This is the most important part. Almost all Crimean people are ethnic Russians. What's happening is a Civil war / split, and Russian is simply allowing a part to join Russia. 

To have the USA president -- Obama or otherwise -- talk about how Russia shouldn't meddle in a civil war just reeks -- _reeks_ -- of hypocrisy. Don't get me wrong, I love my country and think that, overall, it's the best on the planet, but we're being ragingly hypocritical on this matter.

The truth is that many of the old Soviet countries have done nothing but suffer since the fall of the Soviet Union. Now, many of them are looking back fondly of that era.
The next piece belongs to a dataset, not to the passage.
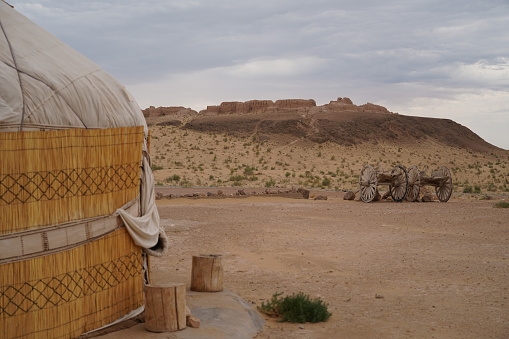 Native American indigenous people decorated Puebloan teepee up close.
We're going to see more countries willingly join with Russia.


----------



## charley (Mar 22, 2014)

Swiper said:


> it was our own govt., the CIA who was behind the protests that got rid of the democratically elected president of Ukraine starting a shit storm over there. now it all backfired with Russia taking a part of Ukraine.  it all can be traced back to our foreign policy of interventionism.
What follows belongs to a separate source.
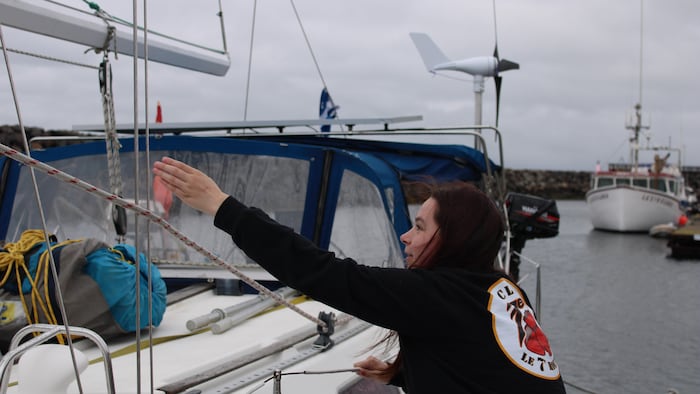 Une jeune femme sur le point d'embarquer sur un voilier.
..Our intervention in other countries politics is the root cause, it's ok we invade Iraq, so why can't Russia invade Crimea ???  I wish we would work on rebuilding America, our schools, bridges,highways and let other countries sort it out for themselves, the only people that advantage from our interventions are the corporations & oil companies.


----------



## LAM (Mar 22, 2014)

Zaphod said:


> You do realize that the people of Crimea actually wanted to become part of Russia, right?



The switch to democracy and capitalism in a lot of eastern European country's has been less then ideal.  There is a lot of divide between the generations due to the lack of economic growth.  A lot of the older people feel things were better under communism.
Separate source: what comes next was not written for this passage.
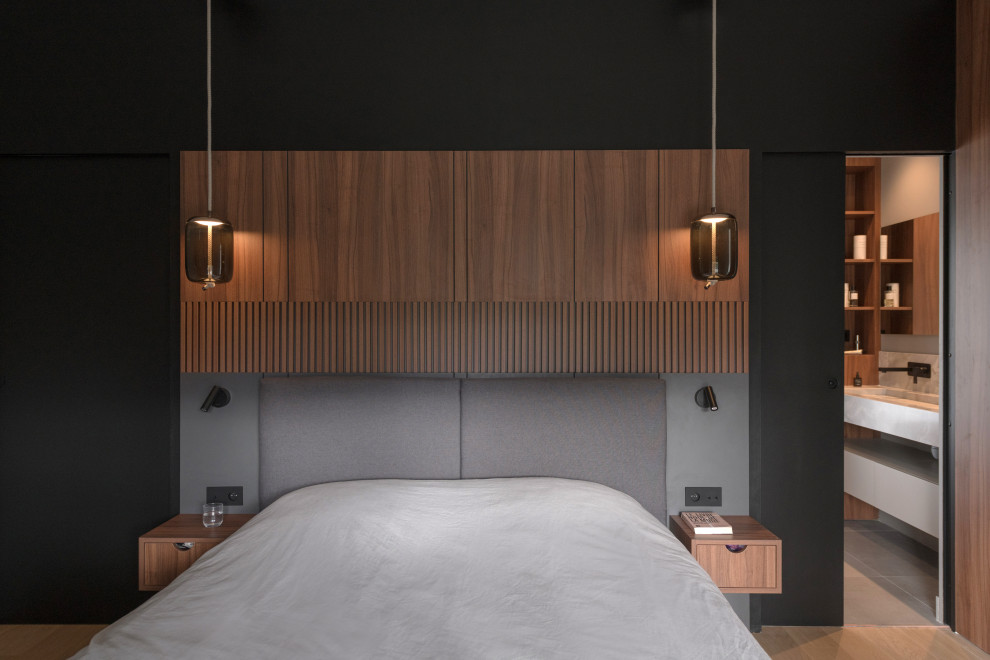 На фото: большая хозяйская спальня в современном стиле с черными стенами и светлым паркетным полом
I think the GDP of that country is only like 4B, with a couple million people with most of that of course going to the top.


----------



## DOMS (Mar 22, 2014)

charley said:


> ..Our intervention in other countries politics is the root cause, it's ok we invade Iraq, so why can't Russia invade Crimea ???  I wish we would work on rebuilding America, our schools, bridges,highways and let other countries sort it out for themselves, the only people that advantage from our interventions are the corporations & oil companies.



Russia isn't invading anyone.


----------



## Swiper (Mar 22, 2014)

LAM said:


> The switch to democracy and capitalism in a lot of eastern European country's has been less then ideal.  There is a lot of divide between the generations due to the lack of economic growth.  A lot of the older people feel things were better under communism.
> 
> I think the GDP of that country is only like 4B, with a couple million people with most of that of course going to the top.




Why the Nostalgia for an Old Communist Economy?

https://mises.org/daily/6697/Why-the-Nostalgia-for-an-Old-Communist-Economy


----------



## charley (Mar 22, 2014)

DOMS said:


> Russia isn't invading anyone.




 I should of wrote 'Russia visits Crimea'..  maybe for a weekend sleepover.


----------



## GearsMcGilf (Mar 22, 2014)

This is a tough one. On the one hand, it does look like a land grab with Putin ultimately wanting to rebuild the Russian empire. On the other hand, the majority of Crimeans are ethnic Russian and voted to secceed and unite with Russia. The US, EU, and china just don't want to see Russia having the same level of control and influence over Eastern Europe as it did during the Cold War. Therefore, theyre calling the annexation an illegal land grab. It looks like we won't know the true agenda until Russia starts moving further into the eastern part of Ukraine and possibly messing with Georgia or Estonia. 

Anyone know how to say "12 months" in Estonian?

http://m.youtube.com/watch?v=4R0oXjIzOx4


----------



## DOMS (Mar 22, 2014)

charley said:


> I should of wrote 'Russia visits Crimea'..  maybe for a weekend sleepover.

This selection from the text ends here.